Orientation géographique locale
Le Val-Senestre désigne la rive droite du Saison et le Val-Dextre est situé sur sa rive gauche. Cette inversion par rapport à notre espace géographique actuel, vient du fait que nous nous orientons par rapport au nord, tandis que les Souletins s’orientent par rapport au Sud. Après tout, jusqu’à la fin du Moyen Âge, l’orientation se faisait par rapport à l’orient (est). Nos églises sont « orientées » d’est en ouest, l’autel étant situé à l’est.


En arrière-plan de ces divisions administratives de la Soule, on trouve, bien sûr, l’action des puissantes familles seigneuriales souletines ou extérieures à la Soule, mais aussi celle des communautés de voisins. Ces unités tiennent compte de la géographie et sans doute aussi de l’histoire de ces collectivités.

Zones géographiques

© Philippe Etchegoyhen

Les divisions administratives ne correspondent pas toujours à la géographie ; c’est le cas pour la Basse-Soule, car le Pettar, qui couvre la zone nord de la province, est une mosaïque de paroisses aux caractéristiques diverses.
Si la dégairie de Laruns est au cœur de la Soule, celles de Domezain et d’Aroue sont tournées vers le pays d’Amikuze. D’Ainharp à Osserain, elles descendent vers la vallée du Saison à l’est et vers la dépression de Saint-Palais au nord et à l’ouest. Elles font bien partie de la Soule comme en témoignent le style des maisons et la toponymie, mais leurs paroisses, avec leur noyau central très réduit et les fermes dispersées sur tout le terroir ont plutôt des caractères bas-navarrais.
La carte ci-dessous indique, pour la Soule, trois zones distinctes : la vallée du gave qui figure ici en jaune, les collines périphériques essentiellement situées à l’est, et les montagnes d’estive au sud et au sud-ouest de la province.

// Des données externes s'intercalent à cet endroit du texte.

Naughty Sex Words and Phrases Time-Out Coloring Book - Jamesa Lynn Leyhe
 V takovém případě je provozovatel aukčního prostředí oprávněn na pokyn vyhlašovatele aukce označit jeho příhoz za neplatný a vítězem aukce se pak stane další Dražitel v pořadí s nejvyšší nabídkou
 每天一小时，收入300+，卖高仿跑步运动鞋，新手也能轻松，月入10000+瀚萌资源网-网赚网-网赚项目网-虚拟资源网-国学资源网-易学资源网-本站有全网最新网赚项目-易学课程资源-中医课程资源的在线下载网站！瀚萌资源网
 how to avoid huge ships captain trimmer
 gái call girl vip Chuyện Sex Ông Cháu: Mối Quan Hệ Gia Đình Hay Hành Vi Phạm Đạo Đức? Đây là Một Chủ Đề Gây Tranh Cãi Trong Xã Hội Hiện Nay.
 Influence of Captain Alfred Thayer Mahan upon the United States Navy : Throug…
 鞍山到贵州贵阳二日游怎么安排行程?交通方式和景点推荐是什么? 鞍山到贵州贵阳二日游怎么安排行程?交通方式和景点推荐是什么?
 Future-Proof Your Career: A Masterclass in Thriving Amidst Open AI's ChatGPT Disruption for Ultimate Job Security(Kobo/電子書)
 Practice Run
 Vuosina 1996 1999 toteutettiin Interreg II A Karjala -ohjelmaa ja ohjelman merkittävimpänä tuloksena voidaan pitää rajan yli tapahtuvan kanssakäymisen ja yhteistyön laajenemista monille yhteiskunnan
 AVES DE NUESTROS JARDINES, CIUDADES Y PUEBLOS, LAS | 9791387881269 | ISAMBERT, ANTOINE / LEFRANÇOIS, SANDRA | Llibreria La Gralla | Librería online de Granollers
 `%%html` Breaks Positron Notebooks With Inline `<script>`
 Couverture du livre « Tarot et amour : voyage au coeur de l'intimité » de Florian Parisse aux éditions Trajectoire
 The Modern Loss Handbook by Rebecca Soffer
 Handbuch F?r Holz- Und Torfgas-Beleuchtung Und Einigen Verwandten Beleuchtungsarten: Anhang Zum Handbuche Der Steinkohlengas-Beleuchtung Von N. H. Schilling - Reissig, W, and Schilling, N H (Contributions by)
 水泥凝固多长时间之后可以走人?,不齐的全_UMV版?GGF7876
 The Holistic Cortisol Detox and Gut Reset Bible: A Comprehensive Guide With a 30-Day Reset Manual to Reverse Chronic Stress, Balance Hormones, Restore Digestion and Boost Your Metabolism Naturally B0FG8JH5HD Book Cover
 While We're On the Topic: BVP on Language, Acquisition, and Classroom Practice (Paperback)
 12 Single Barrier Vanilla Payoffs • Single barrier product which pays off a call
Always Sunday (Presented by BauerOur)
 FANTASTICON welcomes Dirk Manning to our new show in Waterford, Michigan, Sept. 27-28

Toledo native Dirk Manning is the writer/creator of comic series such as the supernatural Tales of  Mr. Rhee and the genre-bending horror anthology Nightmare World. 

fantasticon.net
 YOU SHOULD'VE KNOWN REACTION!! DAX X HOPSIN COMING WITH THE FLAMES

Les petites paroisses de la vallée du gave se sont installées en premier. L’exigüité de leur territoire a rapidement bloqué leur développement.
Les paroisses les plus vastes ont continué à s’étendre par le processus classique de l’affièvement seigneurial, la création d’une borde et sa transformation en etxe, ce qui a abouti à la constitution de hameaux parfois éloignés du noyau paroissial.

Les limites des communautés

Une bibliothèque entière ne suffirait pas à faire un relevé exhaustif de toutes les contestations concernant ces limites ; donnons donc quelques petits repères. Après quelques rappels concernant l’Etxe, le livre détaille, à titre d’exemple, les conflits qui ont opposé pendant plusieurs siècles, communautés et seigneurs de la zone frontière des Arambeaux et de Larreja. D’autres conflits ont pu exister, car chaque limite a son histoire.

Les limites de l’etxe

Elles sont relativement faciles à déterminer et à contrôler dans la mesure où chacun connaît les limites et le statut des terres de toute la communauté paroissiale.
Chaque parcelle était bornée par une marque appelée « zedarria » enterrée à chacun de ses angles ou par un fossé creusé qui la délimitait.
Les limites des tuyas et fougeraies des collines étaient rarement en ligne droite ; les bornes enterrées ne suffisaient pas et il fallait les compléter par des fossés qui les délimitaient. Ceux-ci n’étaient pas mitoyens, ils appartenaient à celui vers lequel la terre du creusement était rejetée. En effet, si un bel arbre poussait dans le fossé, il était important de savoir quel était son propriétaire.

L’arbre de la discorde
Dans les années 1960, mon père se prépare à couper un petit chêne sans valeur placé à deux mètres de la limite pour en faire du bois de chauffage.
Le voisin le prévient qu’il va porter plainte si cet arbre est abattu, car ses racines viennent aussi se nourrir sur sa parcelle et qu’il a donc des droits sur lui.
Pour ne pas avoir d’histoires avec un tel procédurier, mon père a renoncé… et le chêne leur a survécu à tous les deux.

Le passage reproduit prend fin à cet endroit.